> _WHAT THE EXERCISE ASKS_:
Repeat the data word for word and skip the pictures.

> _STORED DATA_:
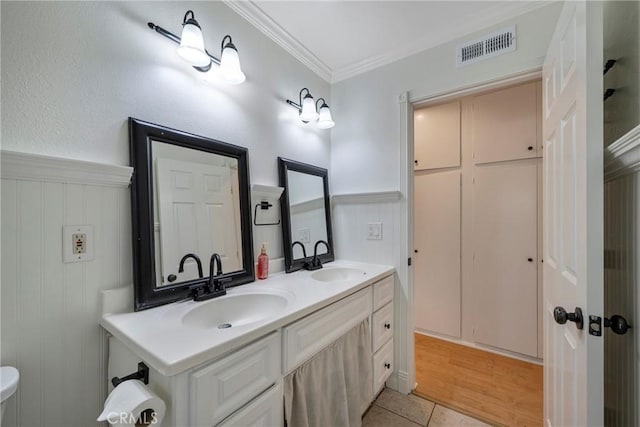 18342 Avolinda Dr, Yorba Linda, CA 92886 - bathroom with double vanity, ornamental molding, a wainscoted wall, and tile patterned floors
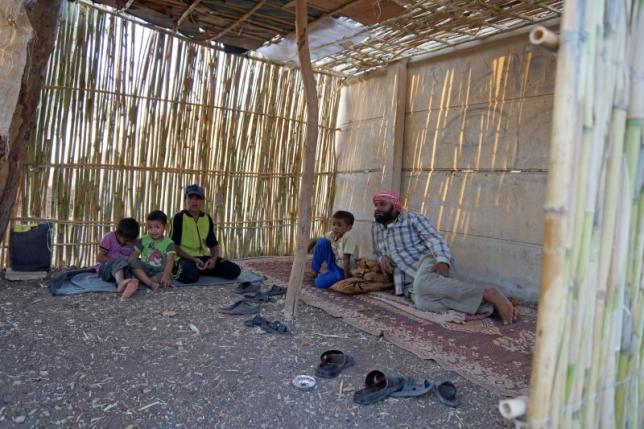 abu ahmad r rests with his children in a temporary summer room he built within a refugee camp that was formerly the zeyzoun vanguards summer camp for school children in zeyzoun village deraa region syria august 6 2015 photo reuters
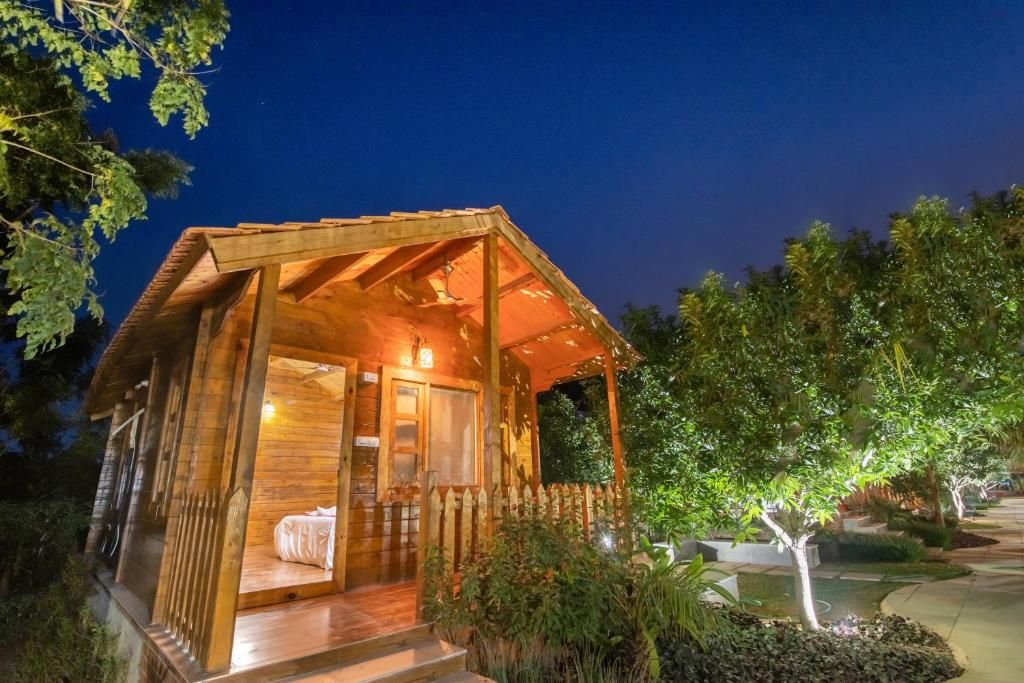 Eine Holzhütte mit Veranda, einem Bett und einem kleinen Garten.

> _OUTPUT FOR THIS EXERCISE_:
 18342 Avolinda Dr, Yorba Linda, CA 92886 - bathroom with double vanity, ornamental molding, a wainscoted wall, and tile patterned floors
 abu ahmad r rests with his children in a temporary summer room he built within a refugee camp that was formerly the zeyzoun vanguards summer camp for school children in zeyzoun village deraa region syria august 6 2015 photo reuters
 Eine Holzhütte mit Veranda, einem Bett und einem kleinen Garten.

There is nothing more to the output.